September was a difficult, draining month for me. Honestly, probably the hardest one I've had since we moved in February. Literally almost every day was a struggle and I felt more anxious, sad, and lonely than I had in a long time. I think there were probably several factors that came into play, but one big one is that Peyton and I just spent a lot of time talking about what is next and trying to make decisions for the future.
I may have said this before, but one reason I think I've enjoyed our time in Brooklyn so is because we have been able to press pause for a minute and just live in the moment. I think Peyton and I both struggle to do this. Peyton because he like to search and adventure and always wants to be scheming up the next idea. Myself because I'm a planner and I like to know (and truthfully control) what is coming next. I know I've said this before, but I spent too much time wanting get engaged, and then married, and...well, I didn't have much time to wish away our newlywed days for babies, but I'm sure I would have. I learned to slow it down a bit when the children came because I realized how beautiful our days were and they've truly been the best days of my life. I hope we'll have plenty just as precious, but I can't imagine anything being better than this season. So I had gotten away from wishing away time and wanting the next phase to come, but there was still a pull. I just wanted to know (and again, really decide) what was coming next. Somehow, in Brooklyn, I just feel like I broke through from all that for a bit.

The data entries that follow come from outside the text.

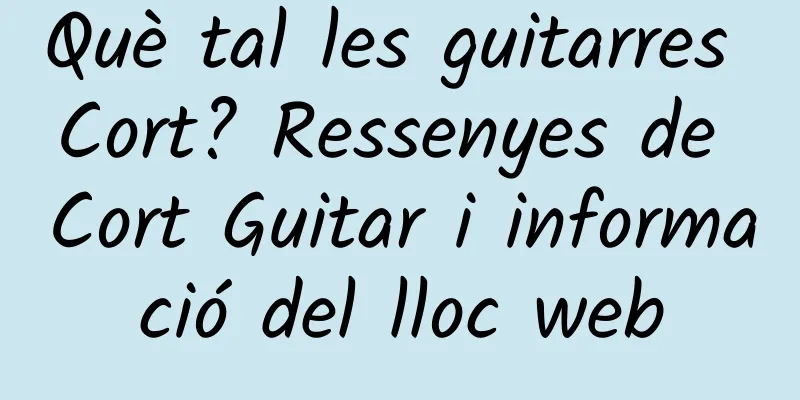 Què tal les guitarres Cort? Ressenyes de Cort Guitar i informació del lloc web
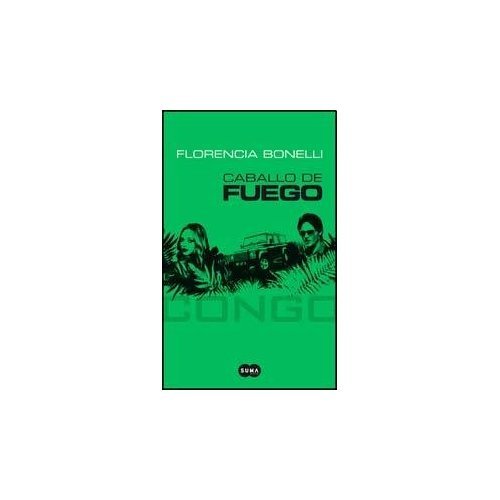 Beispielbild fr Caballo de Fuego 2 - Congo (Spanish Edition) zum Verkauf von Big River Books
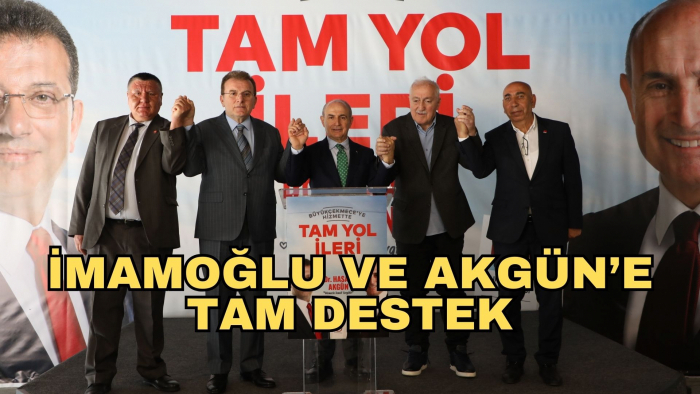 İMAMOĞLU VE AKGÜN’E TAM DESTEK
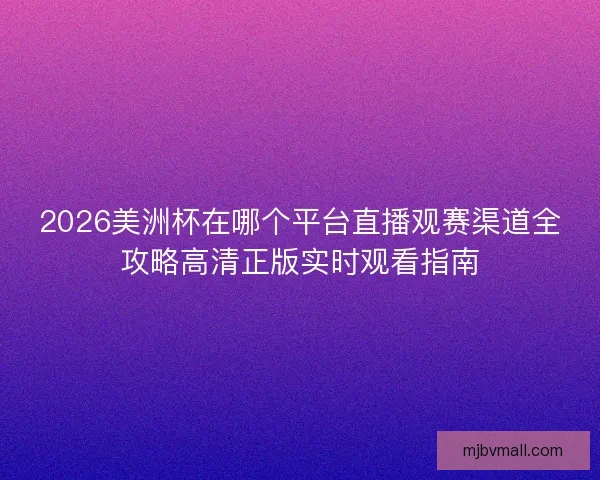 2026美洲杯在哪个平台直播观赛渠道全攻略高清正版实时观看指南
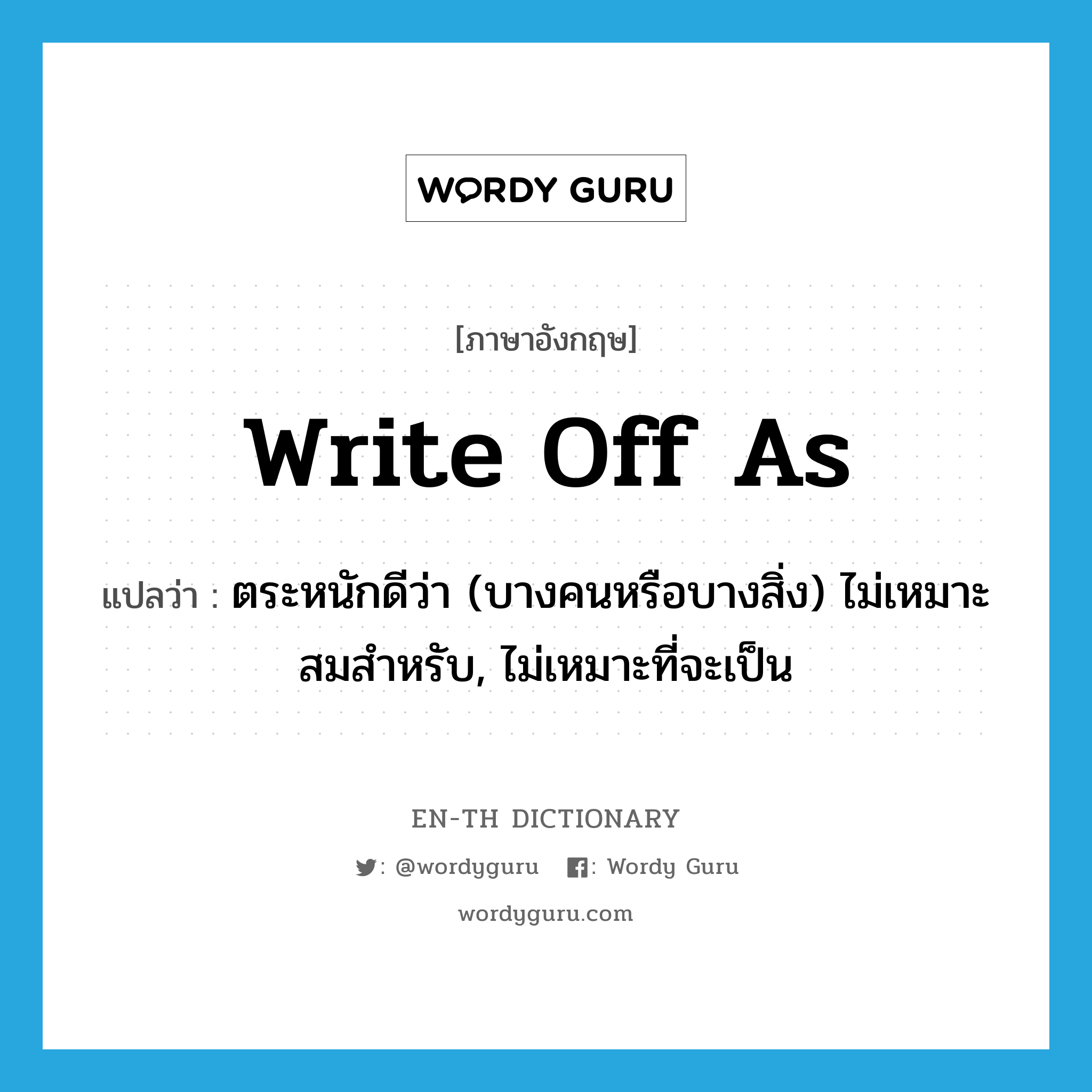 write off as แปลว่า?, คำศัพท์ภาษาอังกฤษ write off as แปลว่า ตระหนักดีว่า (บางคนหรือบางสิ่ง) ไม่เหมาะสมสำหรับ, ไม่เหมาะที่จะเป็น ประเภท PHRV หมวด PHRV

I didn't stress about school options because I hadn't really given myself any besides homeschooling. We didn't plan any new adventures, because it was a huge adventure. I didn't fixate on having another child, because I knew I didn't want to be pregnant or have an infant in Brooklyn. And we weren't worried about when to leave because we wanted to just experience it first.
Well, for some reason a lot came to the forefront in September. And I sort of HATED going over it all. Over and over. It was exhausting. Peyton and I are both talkers. We think too hard often and we talk too much often. It wore me out.

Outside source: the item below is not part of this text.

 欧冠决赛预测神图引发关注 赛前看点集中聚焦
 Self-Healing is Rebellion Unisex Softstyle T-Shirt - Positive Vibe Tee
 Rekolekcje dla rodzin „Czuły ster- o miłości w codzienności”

Thankfully, we were able to make a lot of decisions before the trip home, so it's been a lot more relaxed than if we still had things up in the air.

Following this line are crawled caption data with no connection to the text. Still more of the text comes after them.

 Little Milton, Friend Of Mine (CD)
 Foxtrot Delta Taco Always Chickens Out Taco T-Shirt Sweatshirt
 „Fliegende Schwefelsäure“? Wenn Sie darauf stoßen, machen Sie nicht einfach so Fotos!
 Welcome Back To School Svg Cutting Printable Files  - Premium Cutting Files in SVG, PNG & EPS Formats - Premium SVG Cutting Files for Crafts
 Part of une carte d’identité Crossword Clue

Here is why I feel settled:
- We're moving back to Mississippi in May, most likely the beginning of May. The trip home has given me a real peace about it. I know I will leave a part of me in New York and that I will carry pieces of Brooklyn in my heart until the day I die. But being home has been wonderful and I've felt so right here. That doesn't mean there won't be days I don't cry because I miss the city so much or that there won't be things about the South that frustrate me to no end. But it does mean that I know this is our place. For now, anyway.
- We're down to two options for schooling- straight homeschooling or doing a two day a week school (which is different than the program Annie did for a year and a half when we lived here). I feel really good about either and now it's just weighing the pros and cons and deciding what is a better fit for our family for the next school year. Sometimes deciding between two great options is really difficult for me, but it's a good predicament to be in!
- We've discussed this a lot and really thought about what we want our family to look like (obviously the Lord has veto/overriding power on that-- HEEEEELLO, Annie Banani!) and we have an idea of what we're hoping for going forward. Spoiler- it includes more kiddos! I'm reminding myself that it's important to keep it one kid at a time, one year at a time. But at the same time, I think it helps to have a gameplan so we can plan for things like housing and such.
- Speaking of, we had really talked about moving into Jackson, but I think we're going to stay in the suburbs for the next two or three years. That could totally change, but it feels good to at least have the intention determined.
- Which leads to this....we've decided on our next adventure/project! I'm going to blog about it in more detail because it really deserves it's own post.
It was interesting typing this all up because I realized more why it had been so stressful. That's a lot of really big things we put upon ourselves to decide. I'm glad we can move forward and enjoy the rest of our New York adventure with a sense of peace and that we can relax and enjoy the ride!